С партнерами.. или с гражданской женой, например.
Но почему эта тайна должна была нас отвратить? Если он не трогает нас (а Питер фигачит), то выбор же очевиден, несмотря на то, как он ведет себя с остальными. Разве нет?
Мама медленно качает головой:
– Дело не в.. насилии, милая. Да, Джек бывало.. распускал руки. Но не на меня. Все эти шрамы.. все они – она мягко вновь проводит по шраму на плече – все их оставили мне вещи.
– Вещи? – не понимаю.
– Да. Джек распускал руки.. он крушил их. Может быть даже нарочно рядом со мной, я не знаю. Один раз он в бешенстве грохнул стеклянный столик и пара осколков вонзилось мне в плоть.. это была его реакция на мою первую беременность.
На беременность мною.
– Ты же говорила, он любит нас.
– Он любит вас – тихо кивает она – но он.. боялся.

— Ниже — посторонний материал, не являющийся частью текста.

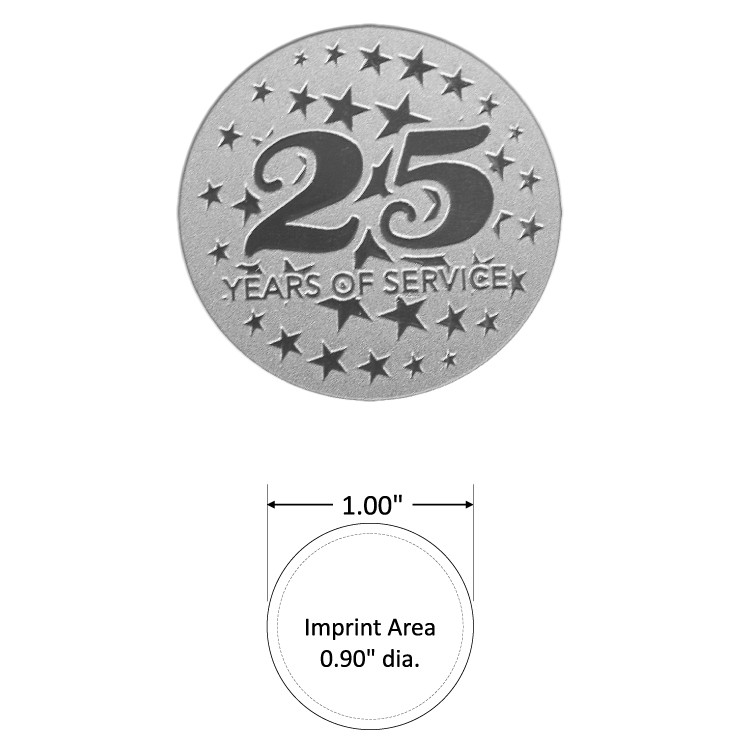 Round 1.00" Polished Nickel Etched Lapel Pin with Color Fill- USA Made 4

– Кого? – недоумеваю – нас?
С чего ему боятся нас?
– Нет, конечно. Он боялся.. собственной слабости.
– А причем здесь мы?
Мама смотрит на меня:
– Вы – его слабость, милая. Причем.. ты даже больше, чем Нейт.
– Потому что я девочка? – догадываюсь.
На губах мамы скользит легкая улыбка:
– Нет.. хотя я предпочитала всегда так думать. Мне так было легче. Потому что я ведь тоже девочка, а значит, теоретически мы могли соперничать.. теоретически, я могла бы победить..
Что?!
Соперничать со мной?
Но по-моему внимание к дочери и к женщине – это совершенно разное внимание, разве нет?
Зачем ей соперничать со мной?
– Теперь конечно – отмахивается – я понимаю, что просто была наивна. Малолетняя самонадеянная дурочка, готовая пойти на всё, а он воспользовался этим, хотя..
Малолетняя?
– Разве вы не одного возраста? – перебиваю.
Им обоим по тридцать пять.
Я родилась, когда им было восемнадцать.
Обоим.
Они учились в одной школе.
Такую историю мы с Нейтом слышали все время с самого рождения.
– Эм.. да, но.. – мама заметно теряется – просто.. он.. он как бы уже был.. это все непросто.